Ngadji is a wooden drum with dimensions of 276.50 cm in height, 60 cm in width, and 70 cm in depth. To the Pokomo people in Kenya, the instrument is a symbol of authority, spirituality, governance and social order. The drum is a museum artifact currently in the possession of the British Museum. It was carved by a talented wood carver from a sacred tree made from a hollow tree trunk in which the dried skin is stretched in other to produce strong and powerful echoes. The size of the drum is more than five feet tall.

==History==
In 1902, British colonial officials in Kenya seized the Ngadji during resistance to British land and tax policies. Colonial administrator Claud Hollis gifted it to the British Museum in 1908. The British Museum has acknowledged that the Mgadji was confisticated before it received it as a donation in 1908.

==Cultural significance==
Ngadji is a symbol of authority, governance and social order for the Pokomo people. It was designed to make loud and powerful reverberations in order to be heard along the Tana River. It has the ability to get the attention of Pokomo people and bring them together for spiritual, traditional ceremonies, and unification in worship. Unique reverberations of Ngadji are used in signaling the enthronement of the king.

It goes beyond its physical form to connect to its importance and role in the community. It United the Pokomo people together for their activities. Council of elders named the Kidjo are connected to the drum because of the traditional authority they held and some of the spiritual practices they perform connected to the Ngadji drum. The absence of Ngadi created a void in the Pokomo's cultural and spiritual traditions of the Pokomo.

==Repatriation efforts==
Mkidjo Baiba works and resides in Liverpool, United Kingdom where he came in contact with the Ngadji drum at the British Museum in 2013 which led to the efforts in recovering the drum. He was an indigene of Pokomo and brother of the King of Pokomo who knew about the history of the drum and was quick to identify the sacred drum at the British Museum after 100 years since its diappearance. When he returned to Kenya, he called for the first meeting with the Chairman of the Gasa Council of Leaders, Mzee(Haye) Mohamed Akare Berhe. In this meeting, he shared the news of seeing the Ngadji drum with them. This was an exciting news to the community and Mkidjo Baiba Dhidha Mjidho was permitted to carry on with the plans to return the drum.

A cultural festival was held in the year 2014 in Hola which was actively supported by The Tana River Department of Tourism, Culture and Wildlife conservation in order to bring up the Pokomo traditional practices which included their dance, rituals and craft. A picture of the Ngadji drum was also displayed while the Gasa elders delivered speeches on the cultural significance of the drum while pushing the effort and importance of recovering it.
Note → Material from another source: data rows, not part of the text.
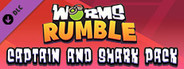 Worms Rumble - Captain & Shark Double Pack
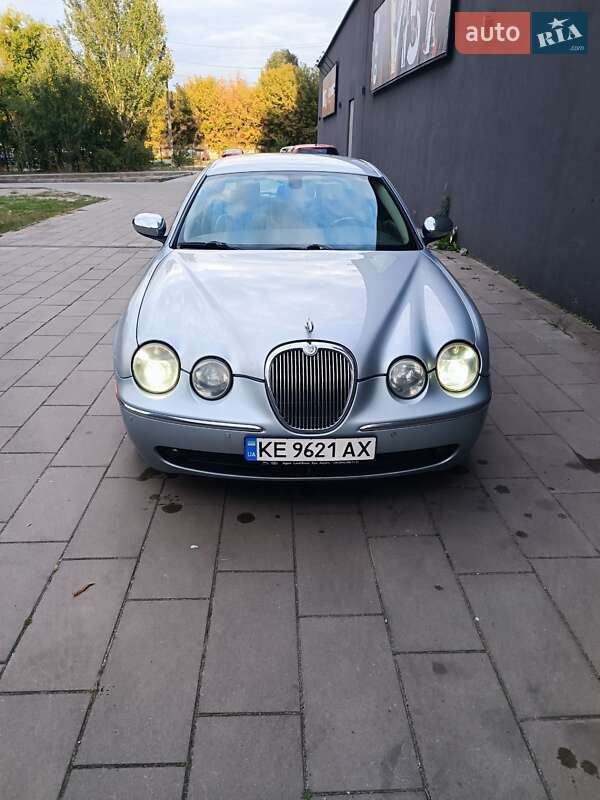 Седан Jaguar S-Type 2007 в Дніпрі фото 10 Седан Jaguar S-Type 2007 в Дніпрі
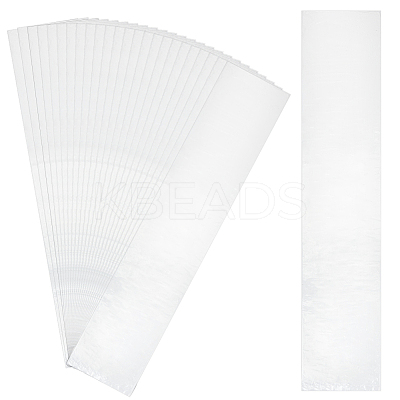 Rectangle Plastic Film Storage Bags LS-ABAG-WH0038-46-1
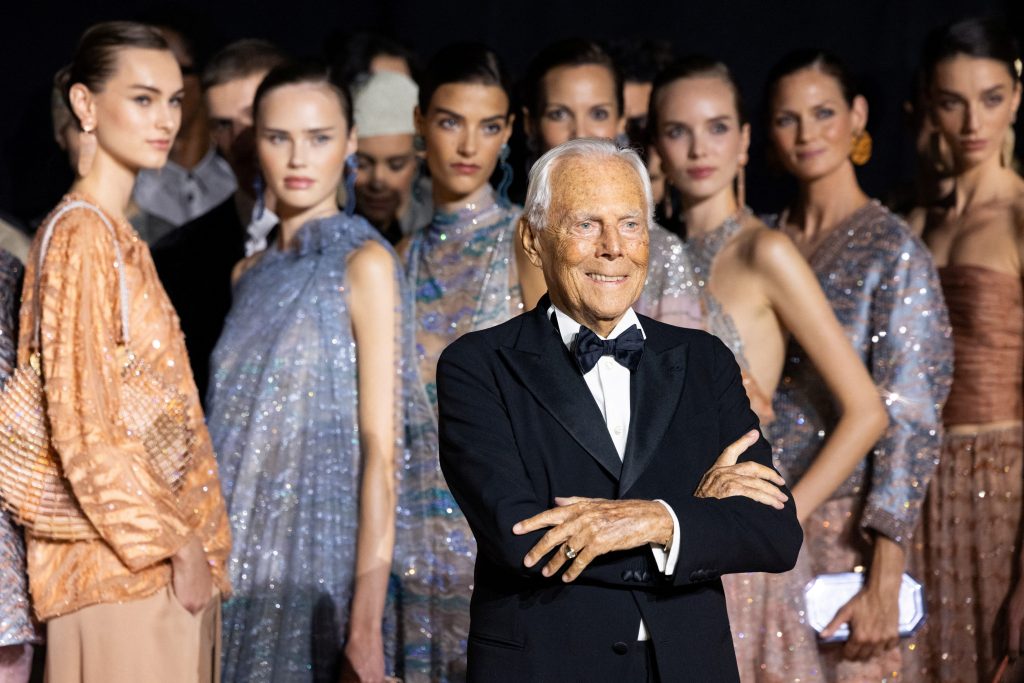 Giorgio Armani at 90: ‘Work Is the Best Medicine’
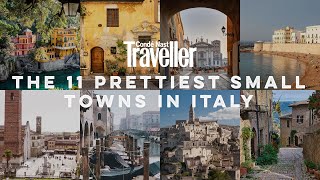 The prettiest small towns and villages in Italy  Condé Nast Traveller [upl. by Adav]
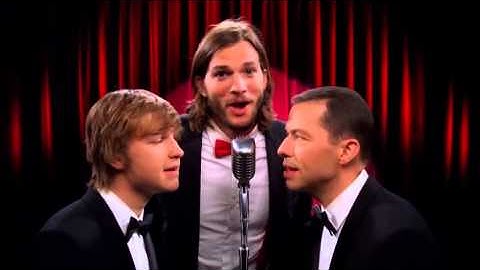 Two and a half men intro voice swap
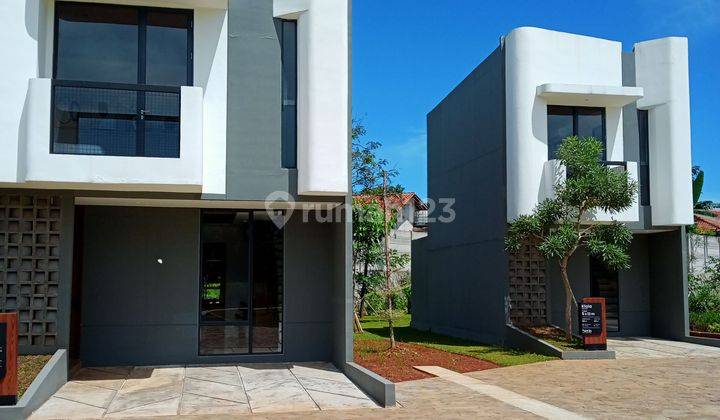 Rumah Smart Home Dekat Stasiun Dan Toll Bsd City  1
In 2016, Haye (Dr) Makorani-a-Mungase VII King of Pokomo and Mkidjo Baiba visited the British Museum to see the Ngadji and subsequently requested its return. The museum declined restitution and offered a temporary loan, which was rejected. In 2019 Haye (Dr) Makorani-a-Mungase VII and Mkidjo Baiba established the Recovery of the Ngadji Initiative in the UK to strengthen the campaign for the drum's restitution. In August 2019, Brad Torum launched an online petition as part of restitution efforts asking that the British Museum return the Ngadji drum. The Pokomo community also sent a letter signed by the council of elders to the British Museum requesting the return of the Ngadji. The Pokomo people want a total return of the drum rather than a loan.

In 2020, the Recovery of the Ngadji Initiative joined forces with the diaspora group, Black Initiative Alliance to strengthen its campaign for the return of the sacred Ngadji drum to the Pokomo people. The Pokomo community, together with the county government and the State of the African Diaspora, signs an agreement to pursue the restoration and return of the Ngadji drum from the British Museum. The State of African Diaspora, with support from the Pokomo community and local government, contacted the British Museum seeking the Ngadji's return. The museum noted that it was already engaging with the Black Initiative Alliance and Recovery of the Ngadji Initiative. Dispute over representation in restitution negotiations. The State of African Diaspora has asked the British Museum to clarify who was authorised to represent the Pokomo community and requested that negotiations with the Recovery of the Ngadji Initiative be paused pending clarification.